Short web captions:

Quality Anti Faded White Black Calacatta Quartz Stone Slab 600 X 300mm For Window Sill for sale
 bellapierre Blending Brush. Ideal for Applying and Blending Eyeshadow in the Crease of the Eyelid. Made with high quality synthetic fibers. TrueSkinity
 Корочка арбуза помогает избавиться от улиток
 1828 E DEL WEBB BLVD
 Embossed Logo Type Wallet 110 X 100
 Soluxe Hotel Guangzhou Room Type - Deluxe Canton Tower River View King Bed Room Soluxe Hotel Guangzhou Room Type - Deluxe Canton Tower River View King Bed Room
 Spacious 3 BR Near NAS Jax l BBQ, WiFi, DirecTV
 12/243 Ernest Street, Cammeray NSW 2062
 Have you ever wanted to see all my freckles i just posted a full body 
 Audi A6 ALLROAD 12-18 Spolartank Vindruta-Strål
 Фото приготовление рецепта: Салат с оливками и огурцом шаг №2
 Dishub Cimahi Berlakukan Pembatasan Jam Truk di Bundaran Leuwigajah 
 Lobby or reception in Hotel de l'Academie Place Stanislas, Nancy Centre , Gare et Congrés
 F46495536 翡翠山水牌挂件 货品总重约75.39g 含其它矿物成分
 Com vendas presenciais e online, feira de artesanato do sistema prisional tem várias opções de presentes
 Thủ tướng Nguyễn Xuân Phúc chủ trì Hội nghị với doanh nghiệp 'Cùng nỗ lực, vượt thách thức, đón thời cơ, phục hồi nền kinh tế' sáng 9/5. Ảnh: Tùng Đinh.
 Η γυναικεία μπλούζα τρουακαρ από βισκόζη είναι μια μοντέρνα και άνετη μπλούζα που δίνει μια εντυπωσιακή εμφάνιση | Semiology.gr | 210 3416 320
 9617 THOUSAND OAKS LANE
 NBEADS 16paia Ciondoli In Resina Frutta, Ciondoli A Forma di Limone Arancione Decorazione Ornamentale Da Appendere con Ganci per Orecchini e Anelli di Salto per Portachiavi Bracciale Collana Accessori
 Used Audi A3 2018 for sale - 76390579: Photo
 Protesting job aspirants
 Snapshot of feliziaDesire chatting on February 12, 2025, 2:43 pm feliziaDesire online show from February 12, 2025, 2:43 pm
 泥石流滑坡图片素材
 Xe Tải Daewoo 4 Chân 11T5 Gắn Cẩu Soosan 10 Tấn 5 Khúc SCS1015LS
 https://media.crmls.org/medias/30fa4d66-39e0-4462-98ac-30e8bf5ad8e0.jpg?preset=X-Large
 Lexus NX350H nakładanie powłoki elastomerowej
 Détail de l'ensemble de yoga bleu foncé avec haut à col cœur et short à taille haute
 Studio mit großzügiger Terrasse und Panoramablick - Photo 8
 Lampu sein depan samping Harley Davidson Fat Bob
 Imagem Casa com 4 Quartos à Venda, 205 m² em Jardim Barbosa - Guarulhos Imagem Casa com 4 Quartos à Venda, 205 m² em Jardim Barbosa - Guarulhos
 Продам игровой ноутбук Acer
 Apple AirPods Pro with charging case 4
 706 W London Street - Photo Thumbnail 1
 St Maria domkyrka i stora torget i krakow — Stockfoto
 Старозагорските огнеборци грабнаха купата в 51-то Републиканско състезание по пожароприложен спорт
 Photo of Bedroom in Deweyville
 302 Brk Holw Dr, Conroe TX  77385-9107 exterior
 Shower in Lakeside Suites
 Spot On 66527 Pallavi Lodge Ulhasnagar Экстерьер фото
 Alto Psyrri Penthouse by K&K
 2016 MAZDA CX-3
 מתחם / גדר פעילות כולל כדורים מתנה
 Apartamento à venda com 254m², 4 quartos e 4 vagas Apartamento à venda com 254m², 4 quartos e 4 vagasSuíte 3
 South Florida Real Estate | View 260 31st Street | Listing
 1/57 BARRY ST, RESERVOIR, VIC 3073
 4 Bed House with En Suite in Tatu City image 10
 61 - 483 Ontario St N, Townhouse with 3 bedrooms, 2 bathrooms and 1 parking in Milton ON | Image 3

• Exercise aim:
The answer must be a single number: the count of lines above that contain the word "sale".

• Answer box:
2